_Task to carry out_: Word for word, copy the data that follows and skip its pictures.

_Given data_:
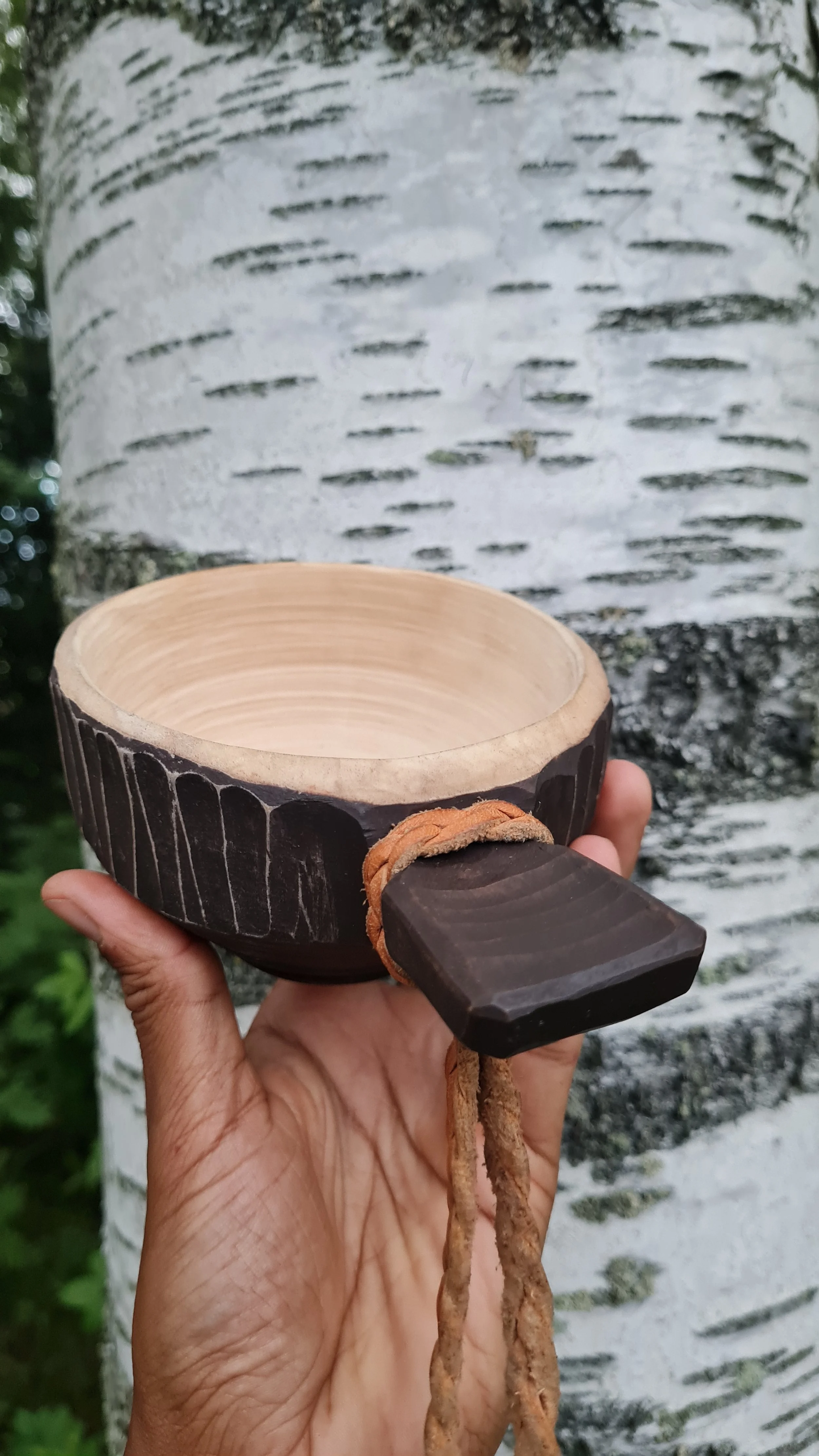 Svegsvarvad kåsa med täljd utsida, i personligt ägo.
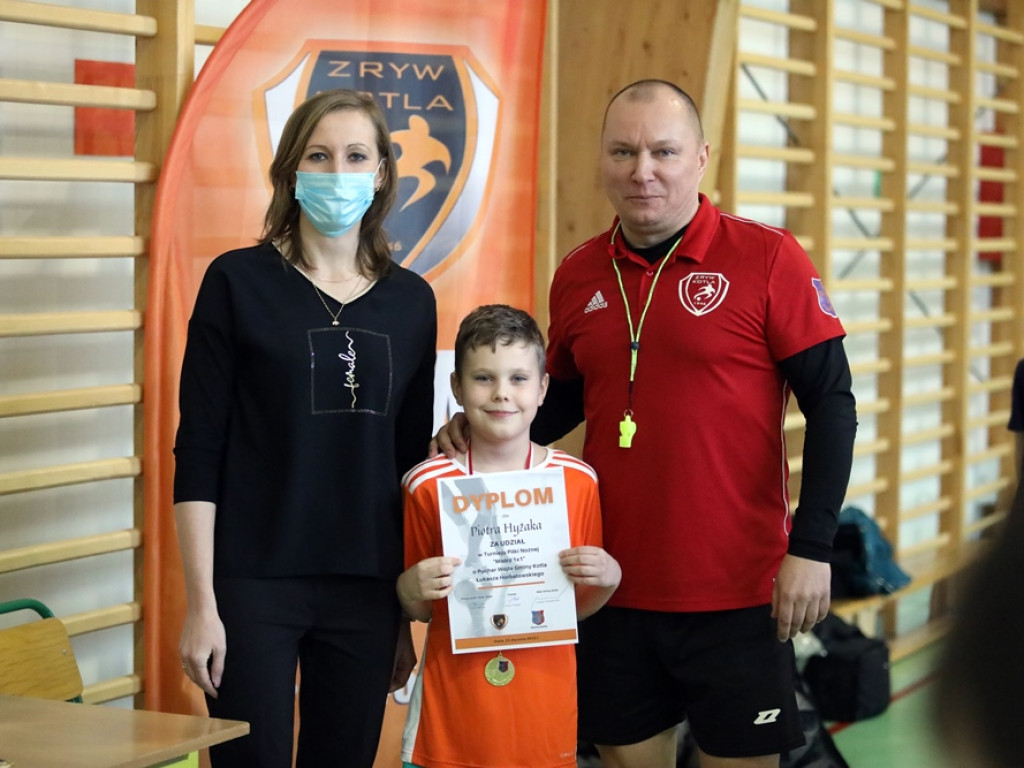 Udany turniej w Kotli. Najmłodsi piłkarze w akcji [ZDJĘCIA]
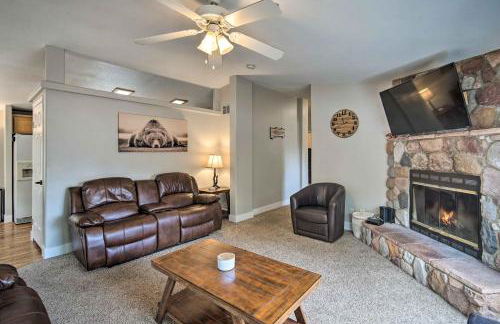 8 Mi to Big Bear Lake and Village Sugarloaf Cabin! - Foto 5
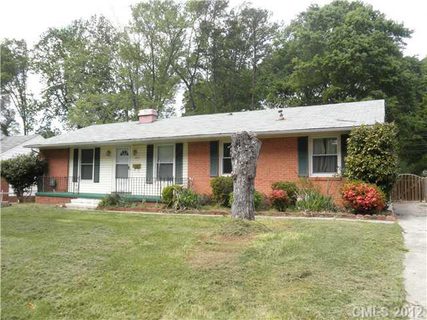 3425 Shamrock Drive sold home in Shamrock, Charlotte, NC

_Result for this exercise_:
 Svegsvarvad kåsa med täljd utsida, i personligt ägo.
 Udany turniej w Kotli. Najmłodsi piłkarze w akcji [ZDJĘCIA]
 8 Mi to Big Bear Lake and Village Sugarloaf Cabin! - Foto 5
 3425 Shamrock Drive sold home in Shamrock, Charlotte, NC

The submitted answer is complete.